HMF opened next to the main lobby in 2012 and is easily the trendiest bar at the hotel. It serves traditional and original cocktails, beer, whiskey, wine, cigars, coffee, and small plates of food.
The Seafood Bar serves a similar drink menu, plus a few creative cocktails such as bacon-infused Bloody Marys and jalapeno margaritas. The best part about The Seafood Bar is the bar itself, which is a see-through fish tank, full of tropical fish and eels.
Ten boutique shops, business center, and 24-hour room service
Two 18-hole championship golf courses, lessons, and a pro shop
The Breakers has two 18-hole championship golf courses -- one is next to the hotel (Ocean Course), and the other is inconveniently located 11 miles away (Rees Jones Course).
The famous golf course architect, Alexander H. Findlay, built the Ocean Course in 1896. It is believed to be the oldest 18-hole course in Florida. A golf pro shop and the Flagler Steakhouse are located at the Ocean Course.
Bicycle tours, snorkeling, scuba diving, and free fitness classes
The Breakers offers an array of outdoor activities, including snorkeling at a natural reef and sunken pier, located just off shore. Free group fitness classes are offered in yoga, Pilates, zumba, and water conditioning.
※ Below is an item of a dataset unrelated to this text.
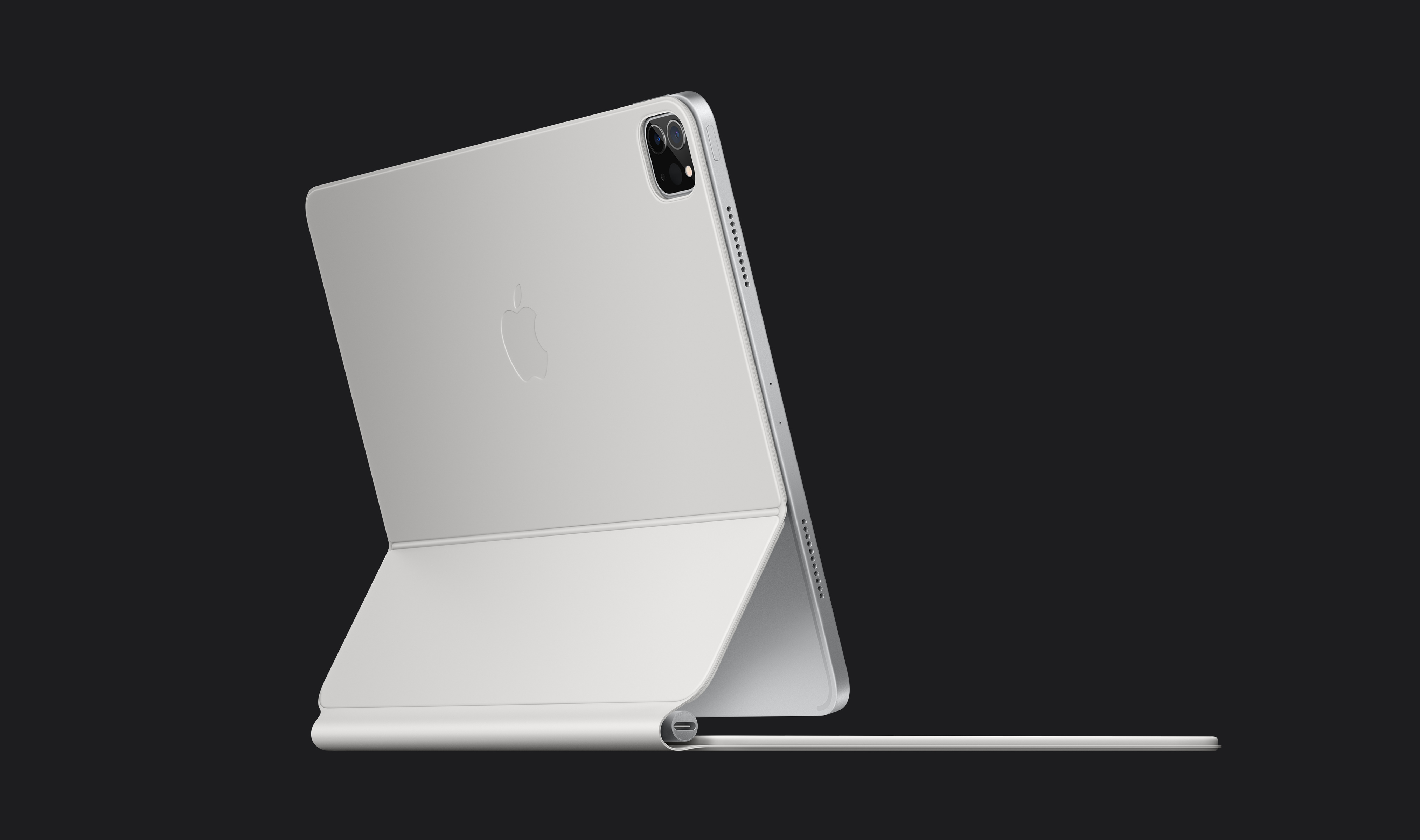 تبلت اپل مدل iPad Pro 2021 12.9 inch WIFI ظرفیت 512 گیگابایت - Thumbnail 3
Dozens of meeting rooms and three lovely ballrooms
A dozen lovely locations for ceremonies and receptions
Staff is careful to guard the identities of celebrity clientele.
Celebrities are rumored to frequent the hotel, but The Breakers staff can only give a handful of names.
Green coffee, toiletry donations, and local produce
Founded in 1896 by millionaire Henry Flagler
The Breakers was founded in 1896 by Henry Morrison Flagler, a wealthy oil and railroad tycoon. The original hotel, named The Palm Beach Inn, burned to the ground in 1903. Flagler rebuilt The Breakers the following year, and it was destroyed by fire yet again in 1925. The second fire was supposedly the fault of a politician’s wife, who was still growing accustomed to her newly invented beauty device -- the curling iron.
The current version of the Breakers was built in 1925 by the architectural firm Schultze and Weaver, which also built the famous Waldorf Astoria hotel in New York City. It took just under a year to build and cost $7 million.
Today, The Breakers is privately owned and controlled by the descendants of Flagler’s wife, Mary Kenan. The hotel is believed to be the only large, historic luxury resort that is still in the hands of its original owners.
An elderly historian who has worked at The Breakers since 1952 gives weekly walking tours.
$20 million is spent annually to maintain the hotel.
Between 2002 and 2012, The Breakers invested over $250 million to renew the property. This included $80 million of renovations to the guestrooms, which were completed in 2011. Two boutique shops and five beach bungalows were also added in 2011.
Basic ADA services, plus accessible pool bungalows
This sprawling 140-acre resort feels more like a Renaissance palace than a hotel. The oceanfront grounds are defined by historic architecture and elegant landscaping, and the extensive features include five swimming pools, two 18-hole golf courses, 10 tennis courts, 9 restaurants, and 10 boutique shops. The Breakers’ 540 rooms include all of the modern amenities -- minibars, flat-screen TVs, free Wi-Fi, and iPod stereos -- but most feel a bit cramped for the price. The only major downside of The Breakers is its expensive, albeit delicious, on-site dining: A family of four could easily spend $350 a day on food, without ordering anything special. As far as competing hotels in Palm Beach go, nothing compares to the luxury found at this iconic property.